Author: M.L. Humphrey

M.L. Humphrey is a former securities regulator, registered stockbroker (although only briefly), and consultant on regulatory and risk-related matters for large financial institutions with expertise in the areas of anti-money laundering regulation, mutual funds, and credit rating agencies. Since 2013 M.L. has also been a published author under a variety of pen names and across a variety of subjects and genres.

4 thoughts on “Copyright vs. Plagiarism”

  1. While M is correct that I’m a lawyer, I’ve only practised in a few areas of UK law and I’m not your lawyer; so, my comments aren’t legal advice. If you have concerns about your situation, speak to a suitable lawyer in your jurisdiction.

    As the previous post said, copyright protects a tangible expression of an idea not an idea itself. However, the edges on this are blurry. For example, taking a story and replacing every mention of “Simon” with “Symon” would technically make it a different tangible expression; however, it’s almost certain that a Court wouldn’t consider that sliver of difference sufficient; conversely, Twilight started as a vampire version of 50 Shades so copying a story relatively closely isn’t always a violation. Somewhere between those points, technical similarity becomes a copyright violation.

    However, some other rights (Trade Marks, for example) turn not on technical copying but rather on whether there is a risk of confusion: for example, if I market a soft drink called Dava Cola I’d be fine, but if I package it in red cans with white swooping writing, Coca Cola could quite reasonably argue people looking for their product might pick up mine instead. So, the copying of an idea might infringe IP if it could confuse customers: for example, Games Workshop argued that “Space Marines” were so symbolic of their Warhammer 40K universe that a story about marines fighting in space in armoured suits would be mistaken for part of their fiction range by their customers; they were ultimately unsuccessful, but their argument was strong enough the Court didn’t refuse to even consider it.

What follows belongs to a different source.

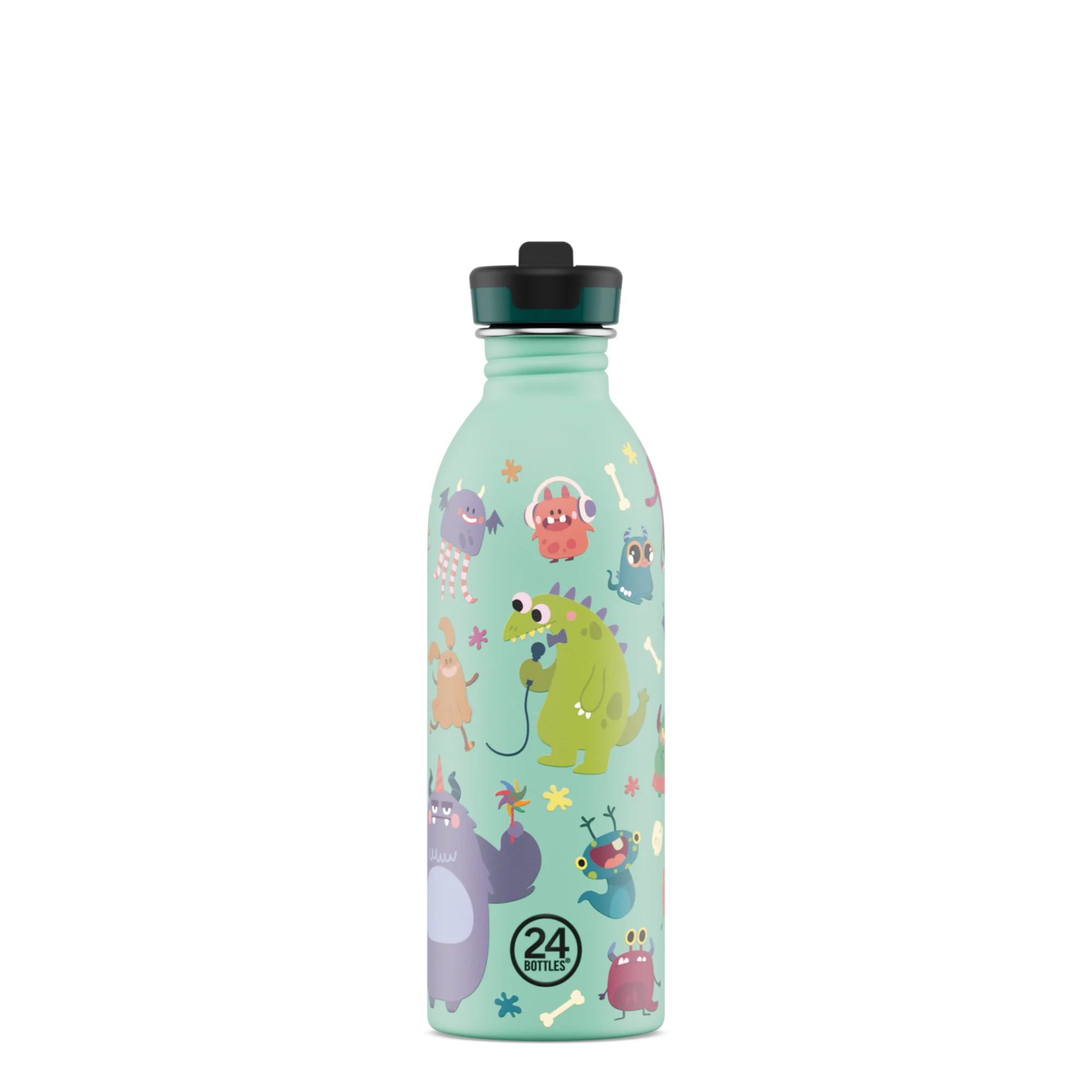 Kids Bottle - Spooky Friends 500 ml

    So, the safest course is to put your own spin on genre tropes; this will not only protect you against accusations of infringing IP but will also make your book more than a generic example of the genre.

    Liked by 1 person

  2. First of all, thank you so much for responding so quickly and for writing this post. I found it well reasoned and easy to follow.

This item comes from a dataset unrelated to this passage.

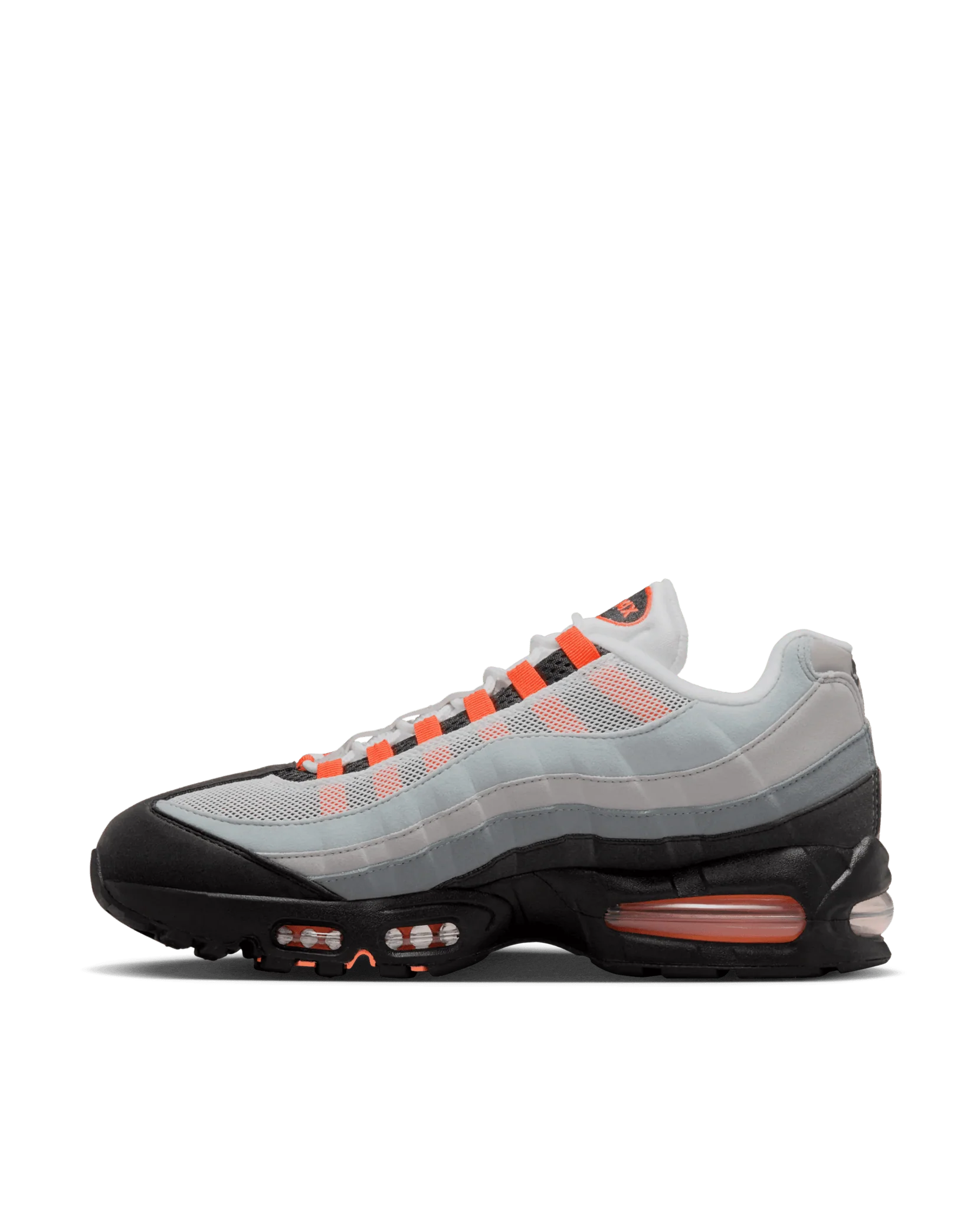 Nike Air Max 95 OG 'Bright Manderin' - Image 4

    I think, going back to my original thoughts, that I was both right and wrong. To some degree, it is legally, morally, and ethically okay to “copy” certain ideas and elements as a fiction writer. Otherwise, once Iron Man was created, no other author could have ever had a superhero use a powered suit, which is just silly.

    The real issue seems to be, “Is there enough differentiation between your work and the original work?” Is your superhero basically Iron Man but wearing, say, purple and gold armor instead of red and gold? If so, you’ve plagiarized it. If, however, your guy in a powered suit doesn’t use the same power source, doesn’t have the same motivations, and isn’t really copying anything but the idea of using a powered suit to generate superpowers, you’re probably going to be okay in the court of public opinion.

    Thus, the blogger that I linked to was probably right in his assertion of plagiarism, assuming the closeness between the two books were really as straightforward as he made out.

    Thanks again for helping me wrap my head around this. Let me know if you disagree with my comment above.

    Liked by 1 person

    1. I think what you said sounds right to me, too. I always bristle a bit when someone throws around the p word because it isn’t clearly defined, but there are definitely times when someone needs to be called out for taking it a little too close to the line.